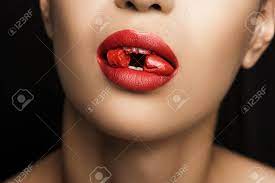 Estas son las características de una mujer seductora. Vista Recortada De Mujer Seductora Con Lapiz Labial Rojo En La Boca Fotos Retratos Imagenes Y Fotografia De Archivo Libres De Derecho Image 85002579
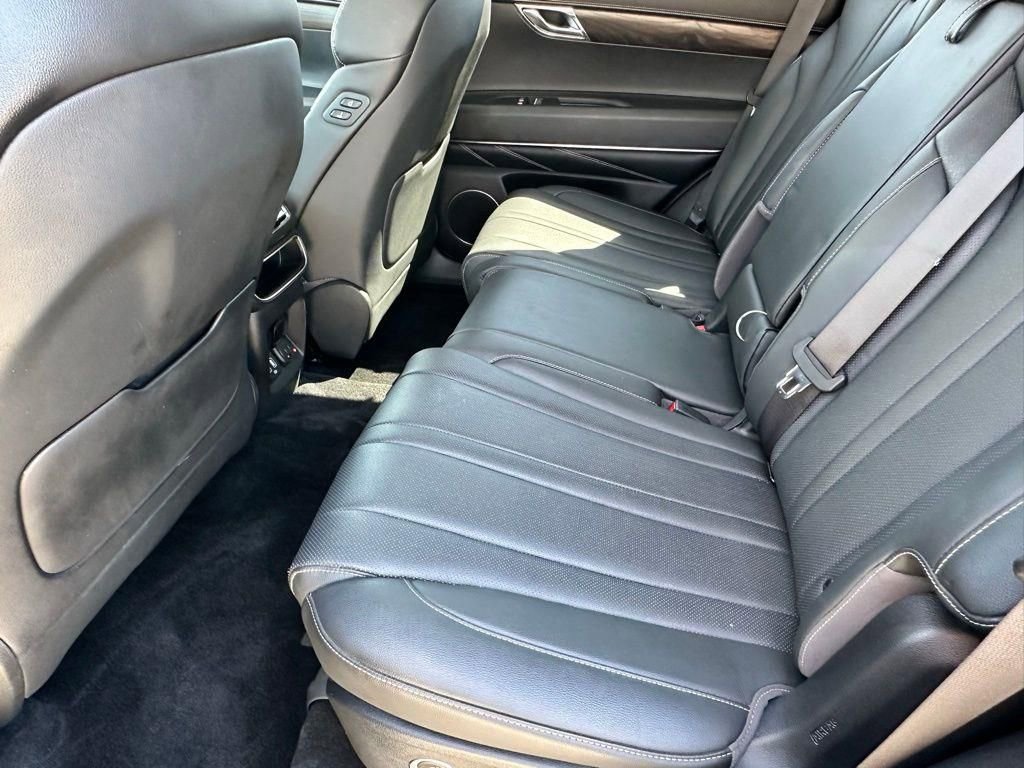 Used 2024 Genesis GV80 2.5T image 7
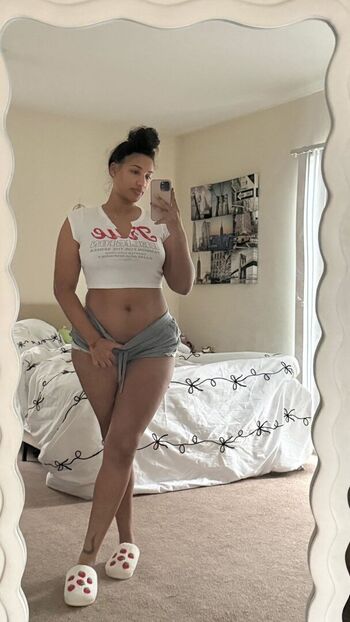 Leaked Niasimonexo private photo viral onlyfans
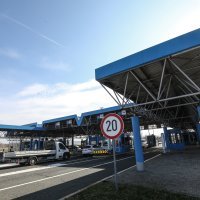 Pojačan nadzor policijskih službenika na GP Bregana zbog epidemije koronavirusa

====

→ GOAL OF THE EXERCISE: Before copying the material, set its pictures aside; then transcribe it word for word.

→ RESPONSE:
 Estas son las características de una mujer seductora. Vista Recortada De Mujer Seductora Con Lapiz Labial Rojo En La Boca Fotos Retratos Imagenes Y Fotografia De Archivo Libres De Derecho Image 85002579
 Used 2024 Genesis GV80 2.5T image 7
 Leaked Niasimonexo private photo viral onlyfans
 Pojačan nadzor policijskih službenika na GP Bregana zbog epidemije koronavirusa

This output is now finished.